In addition, need to rework the serialization and add schema generation
Performance can be improved for large data sets due to Arrow Flight
optimizations and the ability to transfer data in parallel
No need to support GraphBinary and GraphSON serialization protocols

Cons:
Reduced performance for small result sets
Can be complicated and expensive to generate a schema for each request

Please find few more diagrams attached in the pdf file attached and
please share your thoughts.

Regards, Valentyn

Re: Design proposal to use Arrow Flight as transport for Gremlin Server

Posted by Valentyn Kahamlyk <va...@bitquilltech.com.INVALID>.
Hello all,

The Gremlin Arrow Flight proof of concept demo will take place in the
TinkerPop Discord channel
https://discord.gg/renSpn8K?event=1006205553749545070 on Friday, Aug
12, 10:30am PST/1:30pm ET. Feel free to join us if you are interested!
Discord registration/login may be required.


On Fri, Aug 5, 2022 at 3:31 PM Valentyn Kahamlyk <va...@bitquilltech.com>
wrote:

> Hello all,I'm hosting in Discord a short demo for proof of concept using
> Arrow Flight with Gremlin, using string queries and GraphSON for
> serialization. Any questions and comments are welcome. The next step will
> be to create the full designs based on the proof of concept.The planned
> date is Aug 12, I will follow up with the exact time later.
>
> On Thu, Jun 30, 2022 at 4:35 PM Valentyn Kahamlyk <
> valentynk@bitquilltech.com> wrote:
>
>> Hello Everyone,
>>
>> I would like to propose exploring options to use Arrow Flight as a transport for Gremlin Server. Currently Gremlin Server and Clients are based on WebSockets with a custom sub-protocol and serialization to GraphSON and GraphBinary.  Developers for each driver must implement those protocols from scratch and there is a limited amount of code which is being reused (only 3rd party WebSocket libraries are currently reused in the client variants).
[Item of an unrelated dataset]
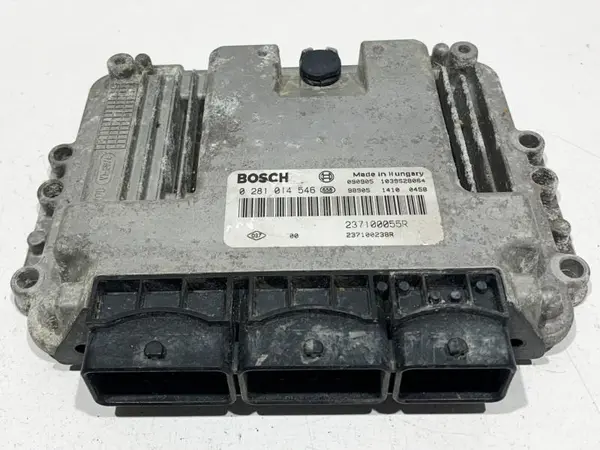 Calculator motor ecu 237100055R Renault Megane 3 (2008-2012) 1.9 dci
The protocol implementation is a complicated and error-prone process, so most drivers only support some subset of Gremlin Server features. The maintenance cost is also constantly increasing with the number of new client variants being added to TinkerPop.
>>
>> ** Motivation **
>> We would like to propose a solution to reduce maintenance and simplify the development of the client drivers by using a standard protocol based on the Apache Arrow Flight. As Arrow Flight is implemented in the most common languages like C++, C#, Java and Python we anticipate a larger amount of existing codebase can be reused which would help to reduce maintenance costs in the future. Also, we can reuse some other Arrow Flight features like authentication and error handling.
>>
>> ** Assumptions **
>> Proof of Concept Development will be done with Java 8.
>> Need to reuse existing code as much as possible.
>> It is desirable, but not necessary, to maintain compatibility with existing drivers.
>> To simplify development at the initial stage, we will reuse existing serialization mechanisms.
>>
>> ** Requirements **
>> Gremlin Server and drivers should replace the network layer with Arrow Flight.
>> No significant drop in performance.
>> Gremlin Arrow must pass the Gherkin test suite.
>>
>> ** Prototype Design Overview **
>> We would like to explore solution below and create prototype to prove approach is feasible.
>> The main idea is to replace the transport layer with FlightServer and FlightClient. They support asynchronous data transfer, splitting data into chunks, and authorization. While Arrow Flight typically requires schema, in a short term we can proceed with implementation using existing serializers and GraphBinary format. By using GraphBinary we will not have all capabilities that Arrow Flight provides out of the box, like efficient compression. However, in the future, we see the value of adding capabilities to generate a schema from the server-side, and that can enable additional use cases.
>>
>> First stage: replace transport layer, but keep serializers
>> Pros:
>> Reduction of the code base to be developed and maintained
>> A relatively low number of modifications
>>
>> Cons:
>> We may observe reduced performance due to schema transfer and other overhead. As part of the PoC we will assess performance overhead for small and large responses and identify options to mitigate it.
>> Still need to support GraphBinary serialization.
>>
>> Second stage: replace transport layer, make dynamic schema generation and use native Arrow structures for data transmission
>> Pros:
>> Greater reduction of the codebase to be developed and maintained
>> In addition, need to rework the serialization and add schema generation
>> Performance can be improved for large data sets due to Arrow Flight optimizations and the ability to transfer data in parallel
>> No need to support GraphBinary and GraphSON serialization protocols
>>
>> Cons:
>> Reduced performance for small result sets
>> Can be complicated and expensive to generate a schema for each request
>>
>> Please find few more diagrams attached in the pdf file attached and please share your thoughts.
>>
>> Regards, Valentyn
>>
>>

Re: Design proposal to use Arrow Flight as transport for Gremlin Server

Posted by Lyndon Bauto <lb...@aerospike.com>.
Looking forward to this, I will try to attend Aug 12.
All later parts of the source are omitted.